The entries below need to be transcribed exactly, without their images.
Start of Block
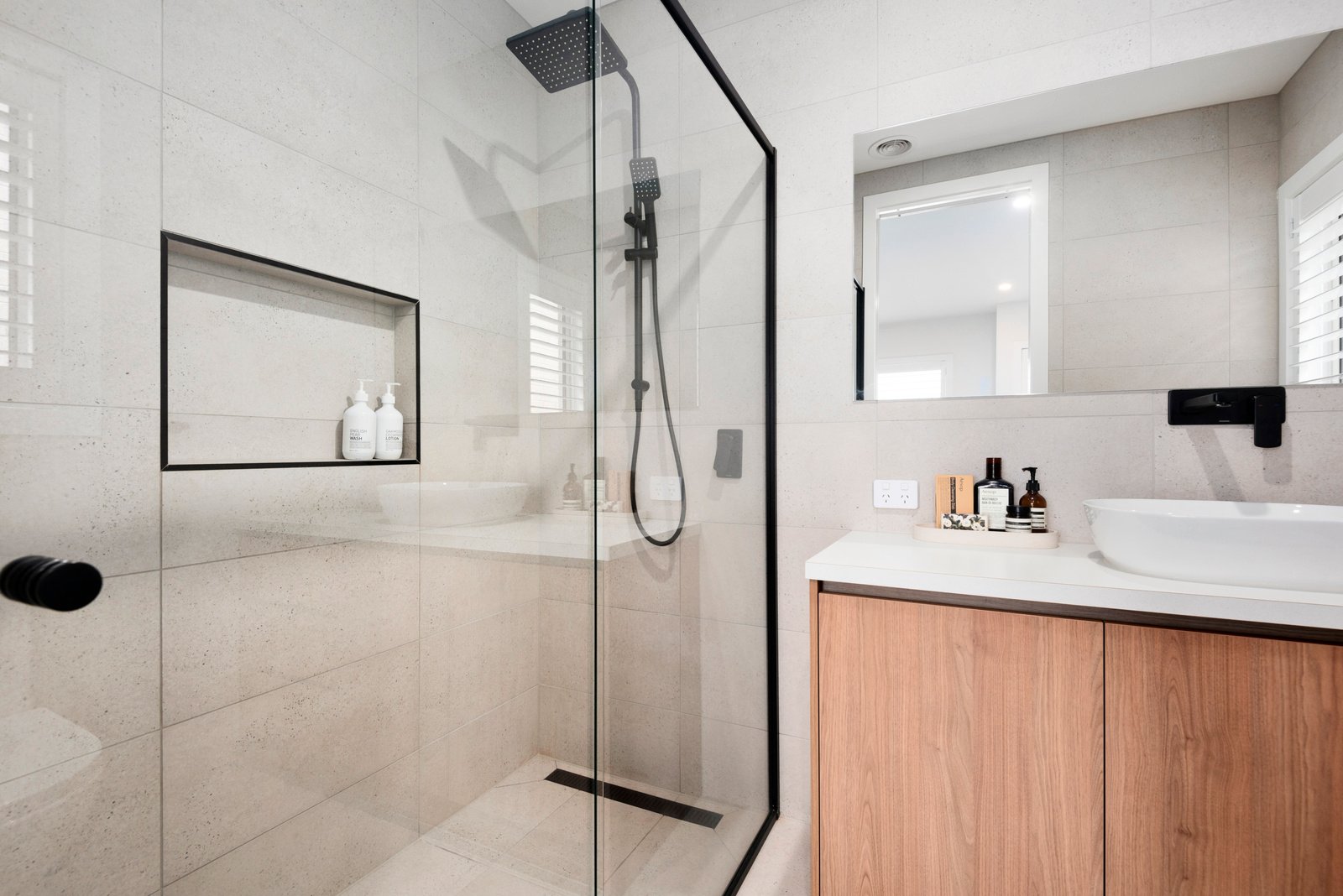 Property Gallery Thumbnail 5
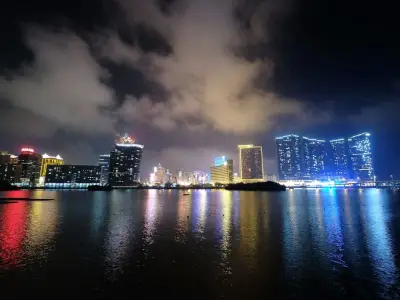 瑞银料澳门3月赌收最多跌75% 花旗三度下调今年赌收料挫28%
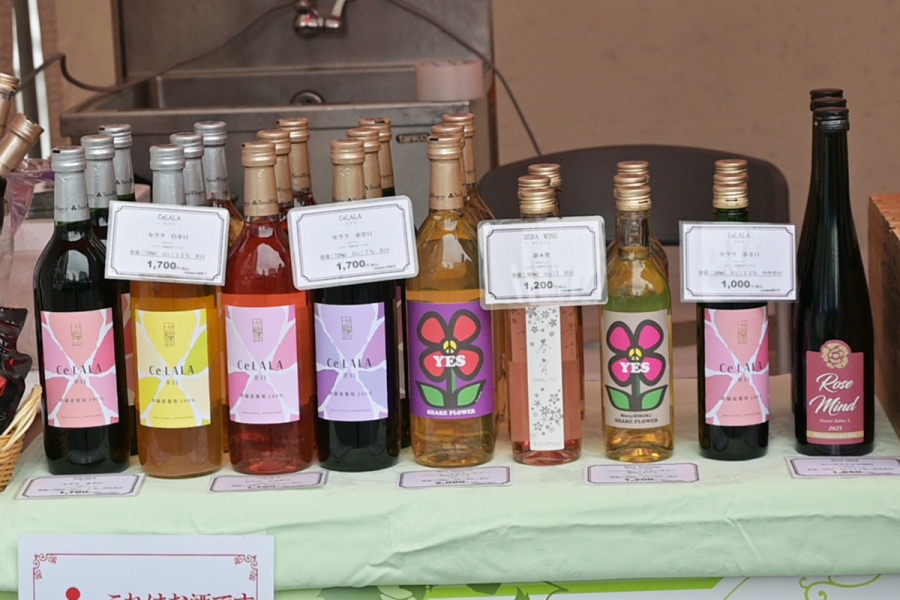 『みちる旅マルシェ2026』に出店している「世羅町 せらワイナリー」（Lmaga.jp撮影）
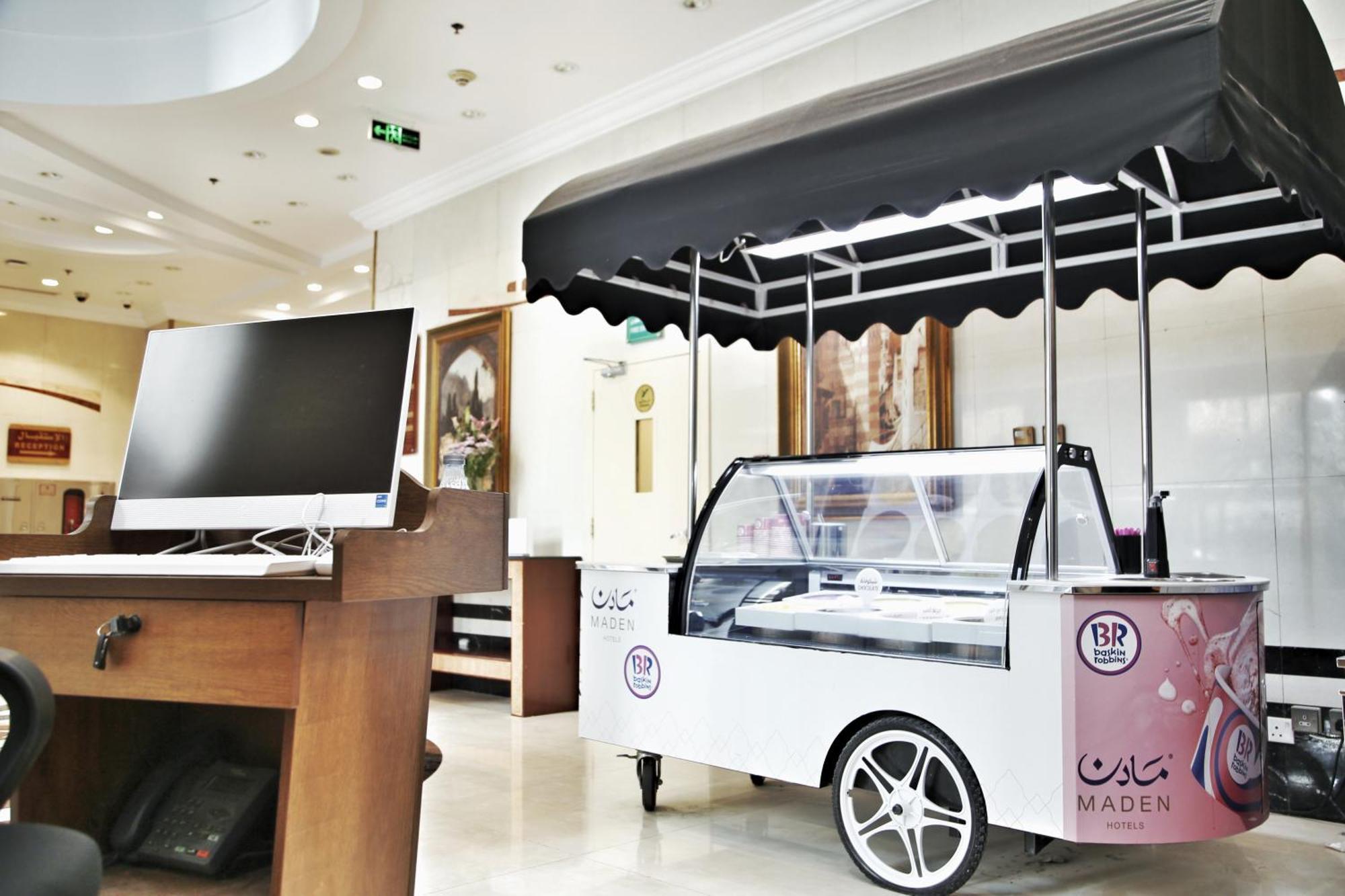 Maden Alrawda Hotell Medina Exteriör bild A Baskin Robbins cart in Dubai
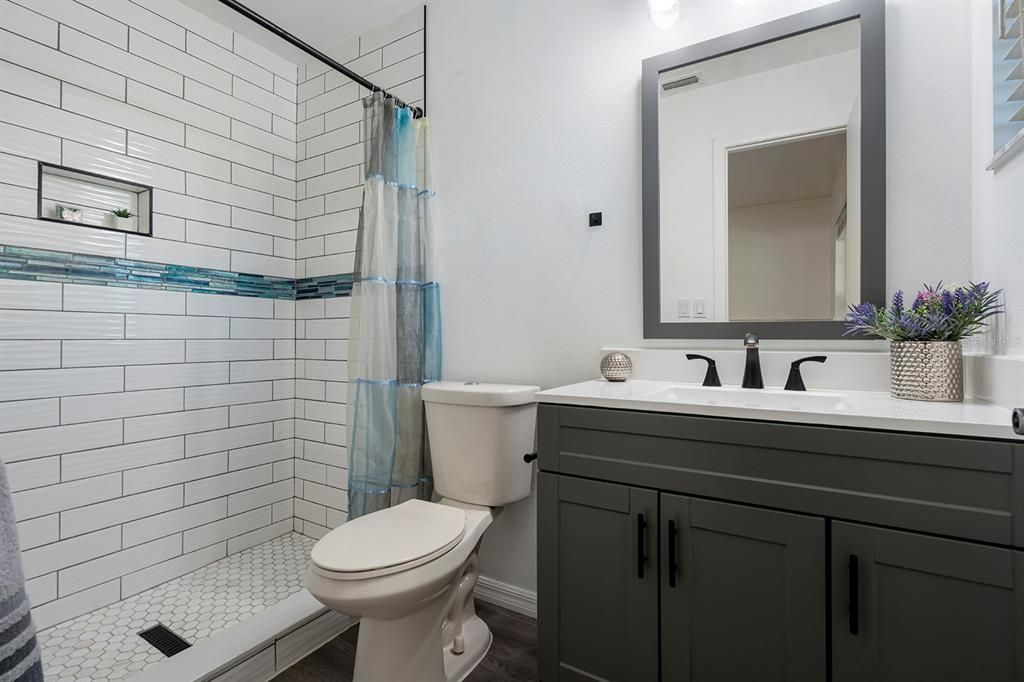 En Venta: $275,000 (3 camas, 2 baños, 1126 Pies cuadrados)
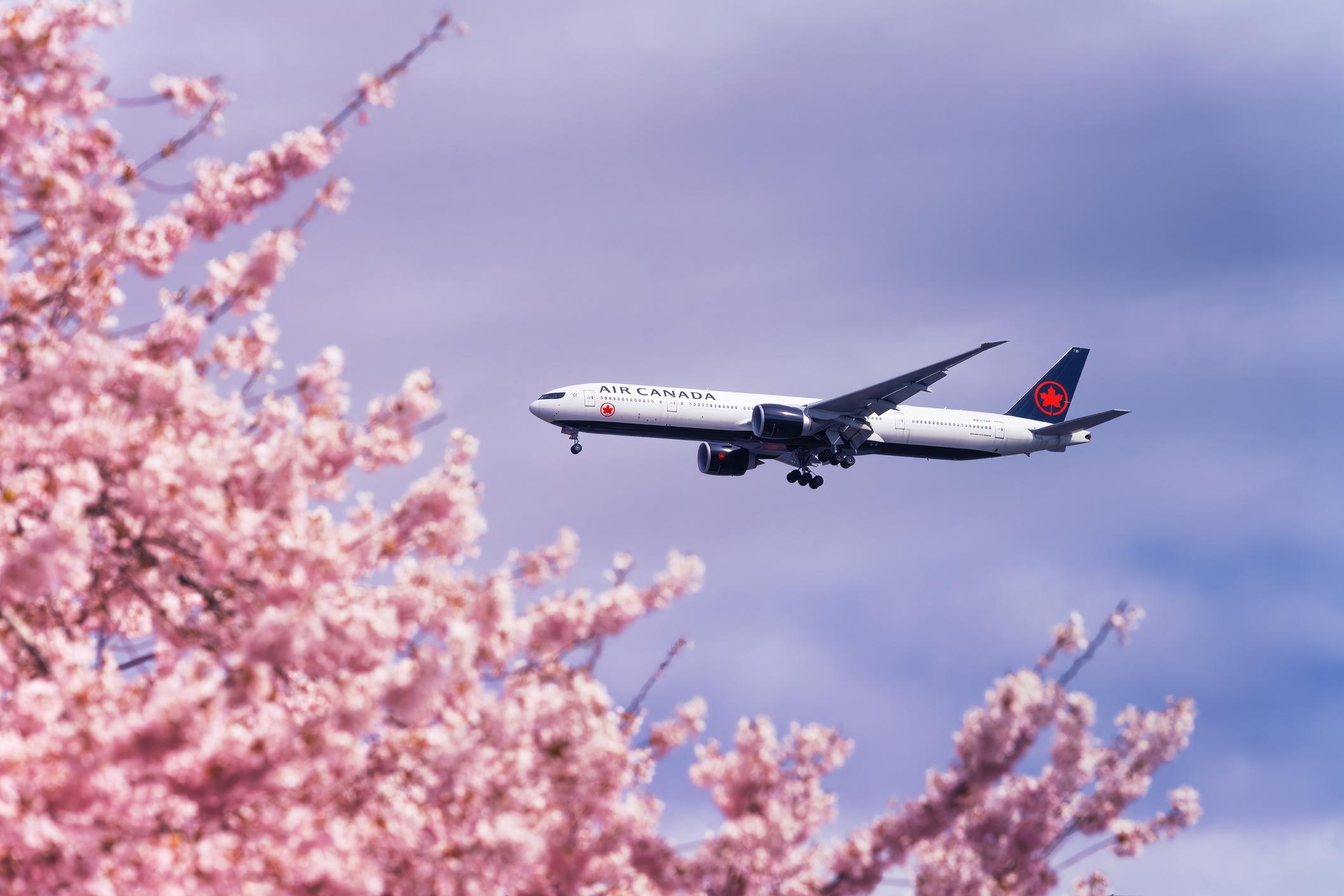 Air Canada Boeing 777 on approach to Vancouver International Airport.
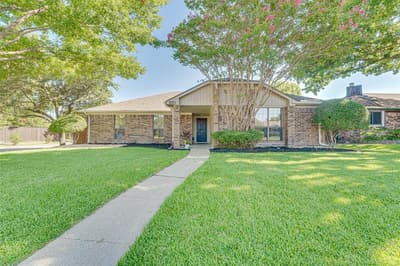 2301 University Drive, Rowlett TX 75088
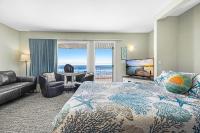 Oceanfront Family Suite - Full Kitchen - Beach Access - Pool & Hot Tub - B&B Lincoln City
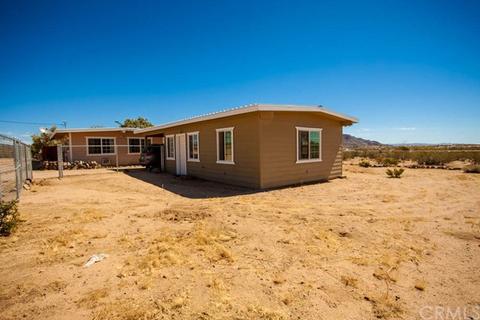 57576 Pine, Landers, CA 92285 photo 2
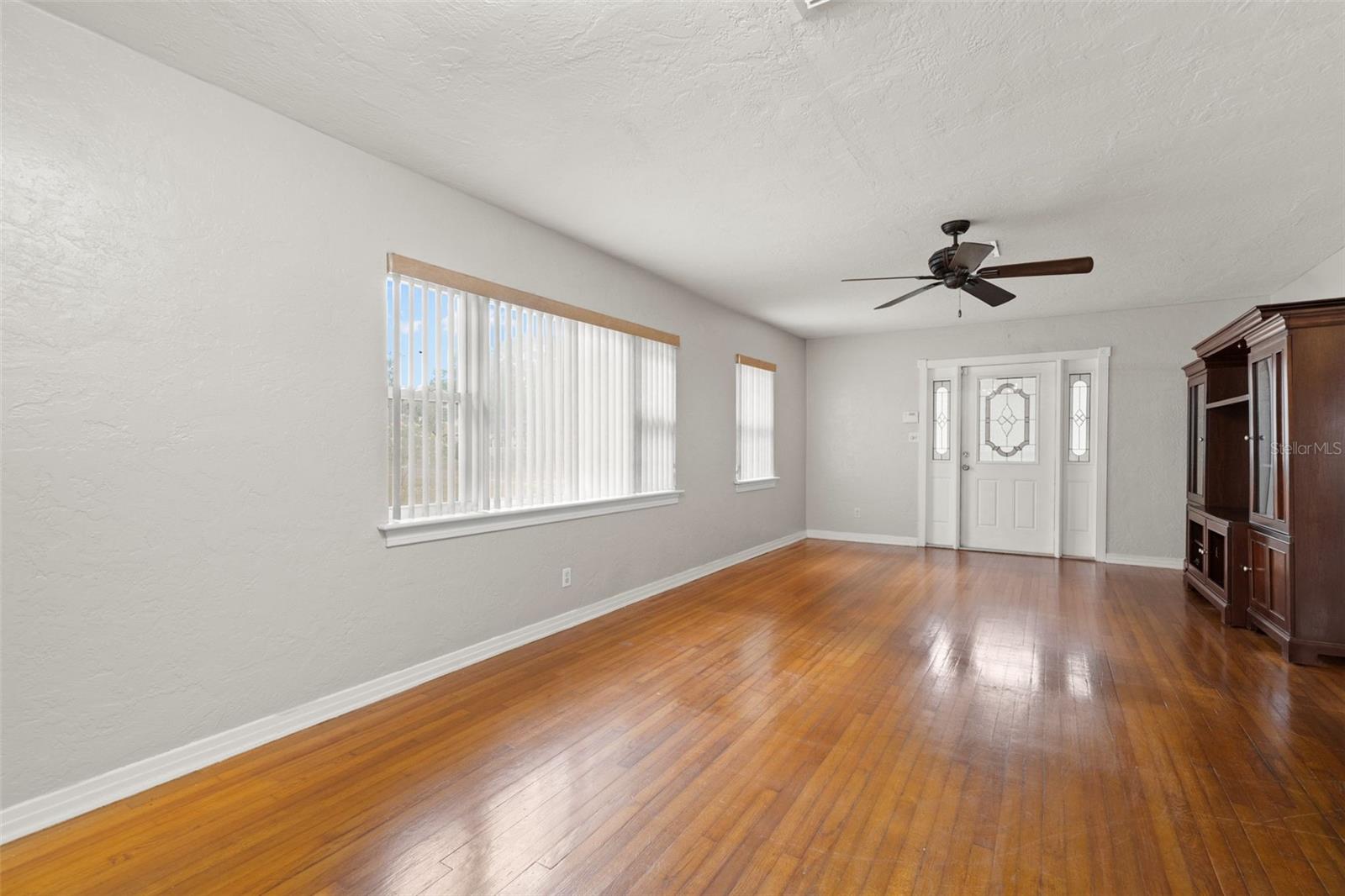 Image 10 of 44 For 486 27th Avenue N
End of Block
__Exercise result__
 Property Gallery Thumbnail 5
 瑞银料澳门3月赌收最多跌75% 花旗三度下调今年赌收料挫28%
 『みちる旅マルシェ2026』に出店している「世羅町 せらワイナリー」（Lmaga.jp撮影）
 Maden Alrawda Hotell Medina Exteriör bild A Baskin Robbins cart in Dubai
 En Venta: $275,000 (3 camas, 2 baños, 1126 Pies cuadrados)
 Air Canada Boeing 777 on approach to Vancouver International Airport.
 2301 University Drive, Rowlett TX 75088
 Oceanfront Family Suite - Full Kitchen - Beach Access - Pool & Hot Tub - B&B Lincoln City
 57576 Pine, Landers, CA 92285 photo 2
 Image 10 of 44 For 486 27th Avenue N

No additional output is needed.